▸ **TASK REQUIREMENTS**
Output the line that contains "Buchcover Akame ga KILL! 01", then every line beneath it through the end of the records, exactly as given and with no other lines.

=== EXTRACTED RECORDS ===

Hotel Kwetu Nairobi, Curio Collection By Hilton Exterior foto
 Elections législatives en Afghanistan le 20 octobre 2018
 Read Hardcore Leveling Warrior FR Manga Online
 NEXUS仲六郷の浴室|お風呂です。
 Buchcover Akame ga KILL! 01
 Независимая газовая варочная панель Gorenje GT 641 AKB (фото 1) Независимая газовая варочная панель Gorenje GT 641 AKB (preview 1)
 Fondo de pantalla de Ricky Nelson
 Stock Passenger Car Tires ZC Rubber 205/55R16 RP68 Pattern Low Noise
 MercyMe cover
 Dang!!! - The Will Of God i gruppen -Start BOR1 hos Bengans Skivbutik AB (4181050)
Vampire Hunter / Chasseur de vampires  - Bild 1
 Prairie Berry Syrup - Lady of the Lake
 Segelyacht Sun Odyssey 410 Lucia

===

▸ **ANSWER SECTION**
 Buchcover Akame ga KILL! 01
 Независимая газовая варочная панель Gorenje GT 641 AKB (фото 1) Независимая газовая варочная панель Gorenje GT 641 AKB (preview 1)
 Fondo de pantalla de Ricky Nelson
 Stock Passenger Car Tires ZC Rubber 205/55R16 RP68 Pattern Low Noise
 MercyMe cover
 Dang!!! - The Will Of God i gruppen -Start BOR1 hos Bengans Skivbutik AB (4181050)
Vampire Hunter / Chasseur de vampires  - Bild 1
 Prairie Berry Syrup - Lady of the Lake
 Segelyacht Sun Odyssey 410 Lucia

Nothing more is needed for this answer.